Athens. The home of Philosophy and the birthplace of western civilization.
According to scholars, the ancient city was inhabited for more than 7,000 years. It existed before the days of Socrates, Plato, and Aristotle. Historical evidence has found evidence of the human presence in Athens between the 11th and 7th millennium B.C.
Argos. Like Athens, evidence has been found that this ancient city existed as an urban center for more than 7,000 years. Argos competes together with Athens as the oldest city in Europe.
Jerusalem (Old City). The birthplace of three major religions: Judaism, Christianity, and Islam. Jerusalem is one of the many cities that came into existence between 4,000 and 5,000 years ago in the thriving Levant region.
Luoyang, located in modern-day China, was erected more than 4,000 years ago, making it the oldest continuously inhabited city in Asia. The ancient city of Luoyang was one of the Seven Great Ancient Capitals of ancient China.

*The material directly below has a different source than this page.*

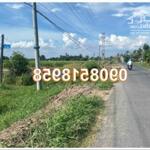 ️Bán 2307m2 đất vị trí đẹp tại ấp Bà Tiên 1, đường TL 877B, xã Phú Đông, Tân Phú Đông, Tiền Giang, 0908518958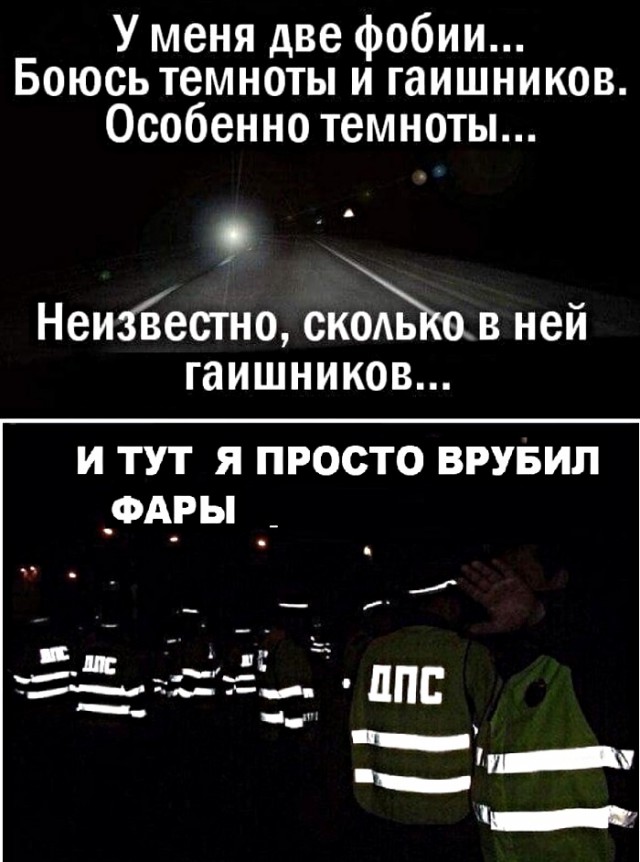 13153331.jpg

Annaba. This is perhaps one ancient city you’ve most likely never heard about. However, it has great historical importance. The area of Annaba has yielded evidence of very early human occupation at Ain el Hanech, near Saïda (circa 200,000 BC), including artifacts that show remarkable toolmaking craftsmanship.
According to some sources, prehistoric Algeria was the site of the most advanced development of flake-tool techniques in the Middle Early Stone Age (Middle Paleolithic). The ancient city dates back to the 12th century BC when the Phoenicians inhabited it.
The Ancient city of Cholula, home to the largest pyramid on Earth, the Great Pyramid of Cholula, is one of the oldest ancient cities on the American Continent. Traces of inhabitation can be found going back as far as the second century BC. It is the oldest still-inhabited city in the Americas.
Erbil. The Citadel of Arbil is a fortified settlement in Erbil, Iraqi Kurdistan. The city corresponds to ancient Arbela. The settlement at Erbil can be dated back to possibly 5000 BC, but some scholars argue that urban life can be traced back to around 2300 BC.